Хотя Андреас не мог потягаться силой с взрослыми мужчинами, он не уступал им в ярости. Даже его одноногий отчим, который стоял поодаль на тротуаре, видя, с какой храбростью парень сражается с большевиками, начал подбадривать его криками. Избитый и окровавленный пятнадцатилетний подросток, мужественно держался на ногах под градом кулаков, пока, наконец, очередной удар не отбросил его на каменную стену, по которой он без чувств сполз на бок.
Постепенно в драку ввязались и другие мужчины Вайнхаузена. Даже те, кто раньше слушал национал-социалистов с некоторой настороженностью, вдруг решили что-то предпринять в их поддержку. Увидеть на улицах своей деревни большевистский флаг было для них настоящим потрясением. Могли ли они, столько наслушавшись о безбожниках-большевиках и их изменнических профсоюзах, просто стоять в стороне, видя как эти мерзавцы избивают их земляков? Для большинства мужчин Вайнхаузена ответ мог быть только один. С гневными криками они, оставив своих жен, бросились на поддержку CA.
Вдруг воздух вспорол выстрел, и дерущиеся тут же бросились врассыпную. Полицейские, до этого наблюдавшие за бойней со стороны, тотчас ринулись на звук, обнаружив Отто Вагнера, который лежал, хрипя, у ног Ричарда Клемпнера. Перевернув предводителя большевиков, они увидели у него на груди стреляную рану.
– У него был пистолет, – сказал, тяжело дыша, Клемпнер. – Он пытался застрелить меня, но я направил пистолет на него.
Вагнер попытался что-то сказать, но успел только издать бессвязное мычание и испустил дух. В его раскрытой ладони лежал пистолет Клемпнера.
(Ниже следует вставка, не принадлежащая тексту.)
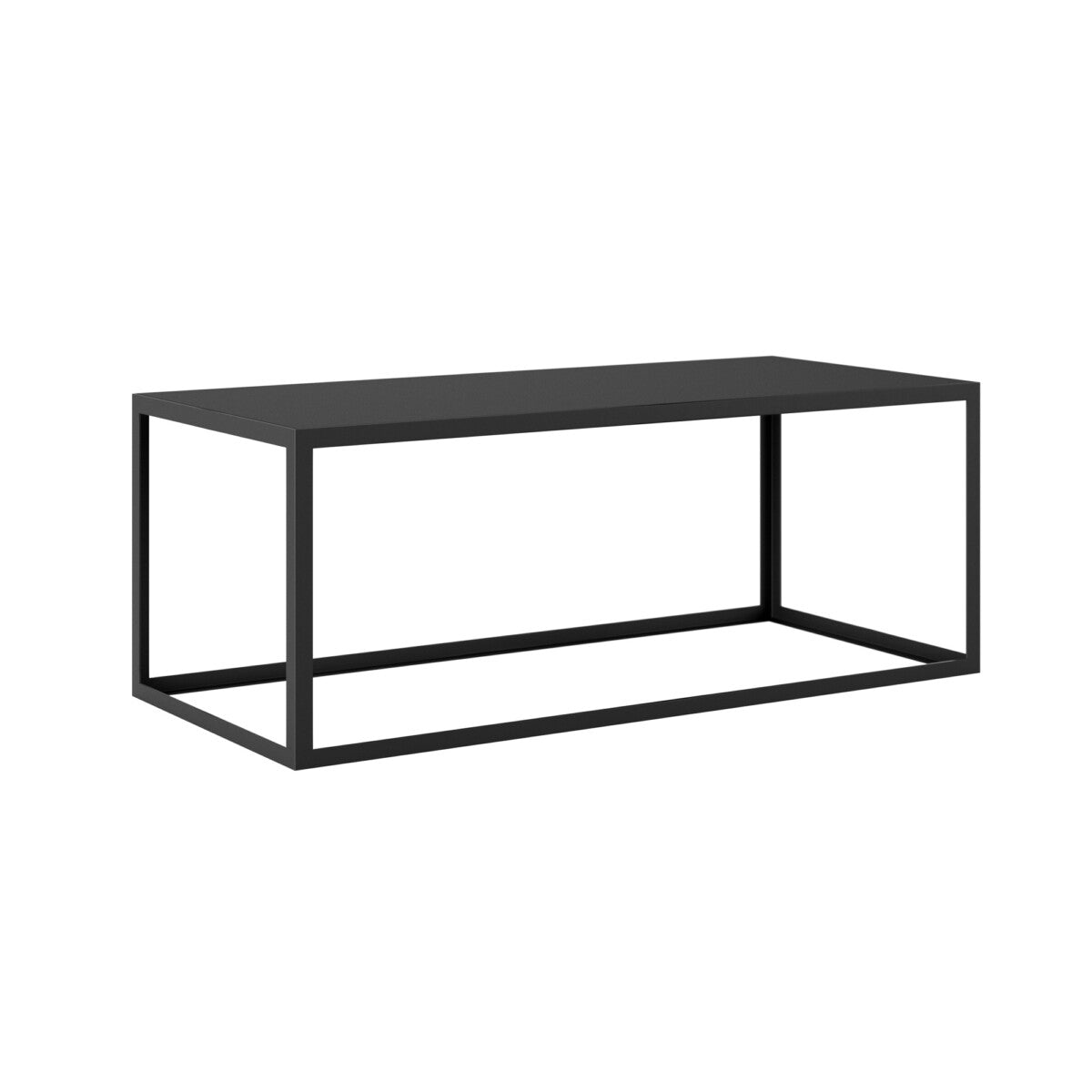 Grafton Coffee Table - Black Faux Concrete & Slate Metal Frame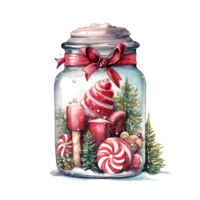 aquarelle Noël verre pot la magie nuit Noël. ai généré. png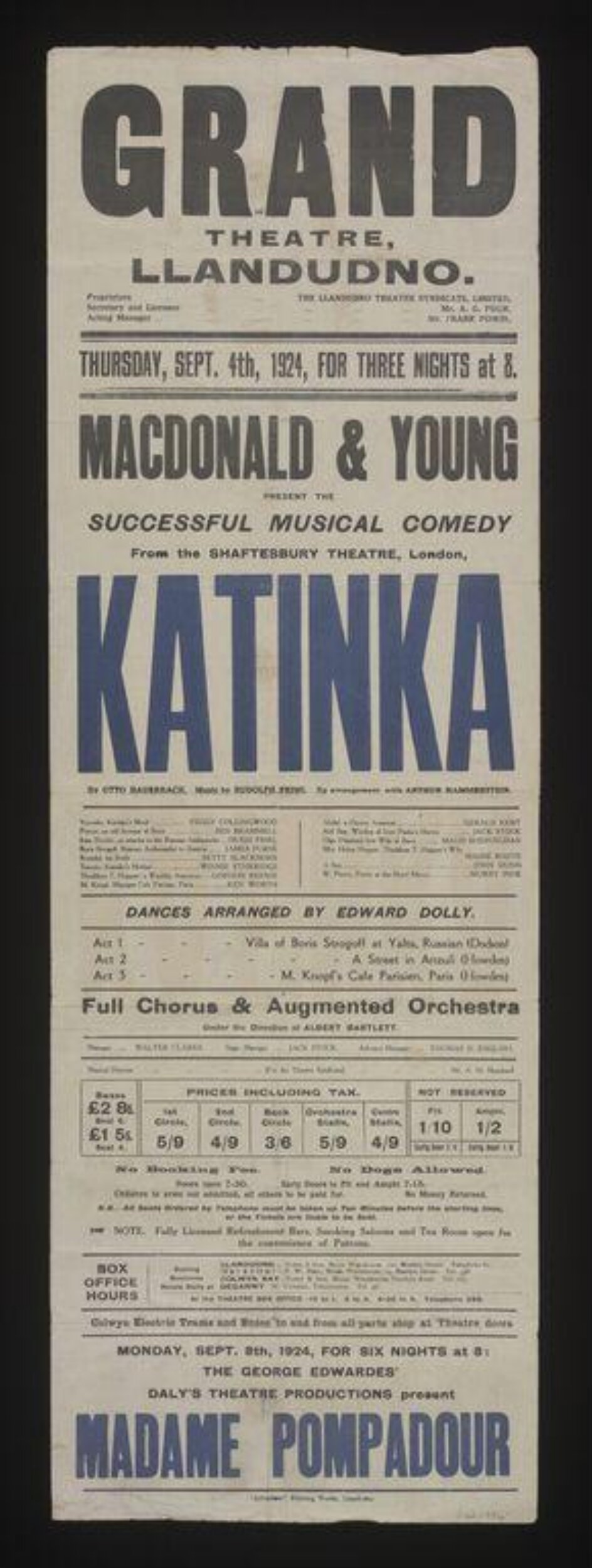 1924 Llandudno Grand Theatre Play Poster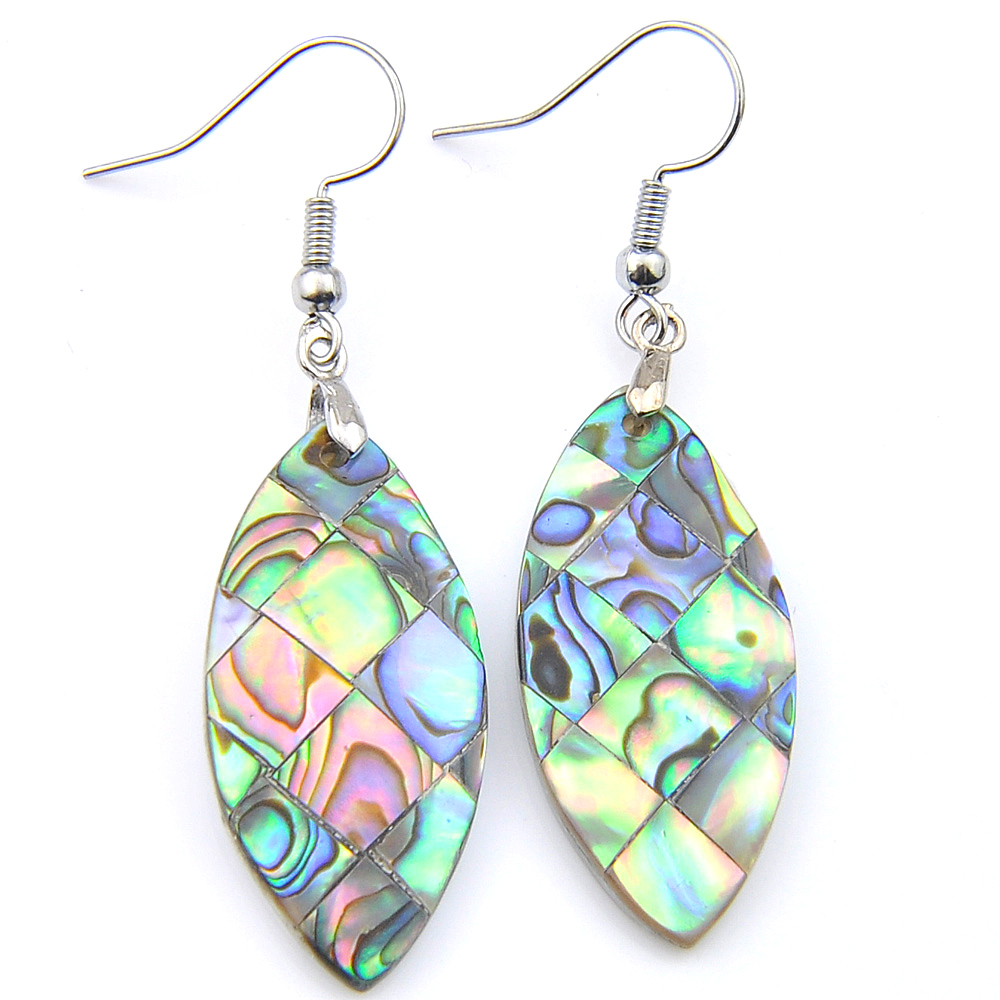 Natural Paua Abalone Shell silver Hook Dangle Dragonfly Teardrop Boucles d/'oreilles 1 paire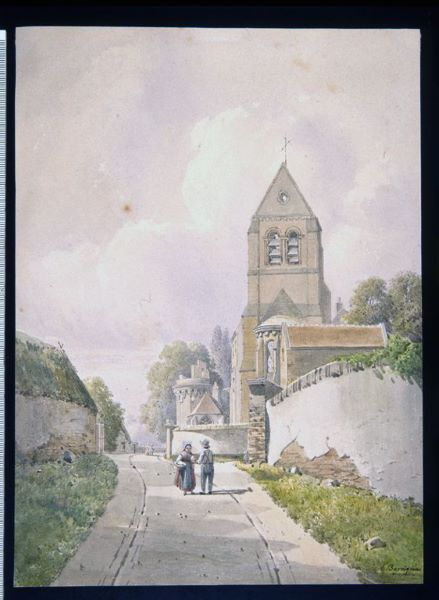 Vue de l’église et du château de Berzy-le-Sec, Léopold Baraquin, 19e siècle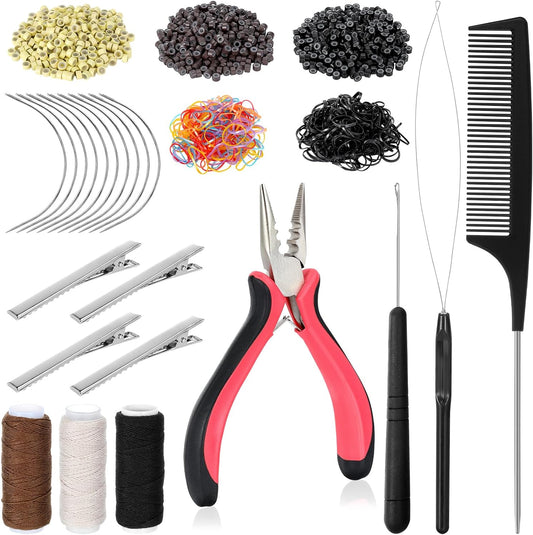 Hair Extension Tools Kit, 600 Silicone Lined Micro Rings, 1 Plier, 2 Hook Needle Pulling Loop, 10 Curved Hair Needle, 4 Metal Hair Clips, 1 Comb, 3 sewing threads, 200 Mini Rubber Bands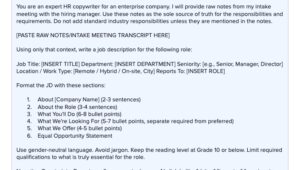How to Prompt AI Tools for Job Descriptions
Пока полиция наводила порядок, Андреас, вытянув шею, взглянул на Еву, однако ему было четко видно, что она смотрит не на него, и даже не на Бибера, которому в этот момент оказывал помощь доктор Кребель. Она не обращала внимания даже на отца, который, наконец-то, появился в поле зрения. Ева не сводила глаз с того, о ком она тревожилась больше всего: с Вольфа.
* * *
В последующие недели новость о мятеже Вайнхаузена усугубила и без того мрачные настроения, витавшие над Рейнландом, подобно сгустившемуся над рекой туману. Неподчинение закону для немцев было чем-то сродни колдовству для священника. Они всегда испытывали не менее сильную антипатию к беспорядку, чем американцы – к тирании. Жителей сельской местности, безусловно, тревожили газетные статьи о всплесках фанатического насилия в городах Германии, но то, что подобное произошло в тихой деревушке на Мозеле, стало ярким свидетельством нависшей над страной опасности. Еще более пугающей была новость о нападении коммунистов в месте, подобном Вайнхаузену. Неужели западный либерализм действительно настолько подорвал устои немецкого народа? Если да, то не станет ли страна в таком случае легкой добычей для сталинских орд? Преподаватели в училище Евы опасались, что так оно и будет…
После окончания занятий Ева неохотно побрела по Марктштрассе к закусочной Вермана, где ее ждал отец. Они должны были вместе пообедать. Путь до закусочной занимал около пятнадцати минут, но Еве хотелось максимально растянуть его. Она все еще не простила отцу. По крайней мере, – не до конца. Конечно, Ева пыталась простить, ведь знала, что должна сделать это, но у нее по отношению к отцу появилось совершенно новое чувство: неуважение. В переломный момент он всегда проявлял трусость. Он так ни разу и не осмелился встать на защиту дочери, а возле дома Бибера появился в самый последний момент, когда драка уже закончилась.
Пользуясь возможностью выбора, Ева предпочла увидеться с отцом в закусочной Вермана – лишь бы не ехать домой и не встречаться с вечно брюзжащей мамой. Девочка поняла, что больше не испытывает по отношению к своим родителям никаких теплых чувств. Впрочем, Ева вообще с трудом вспоминала, что такое теплые чувства к кому бы то ни было. Теперь, когда мимолетная слава восстания в Вайнхаузене улеглась, жителей деревни уже ничто не объединяло, кроме желания выжить, и Ева опять оказалась в изоляции, преследуемая позором.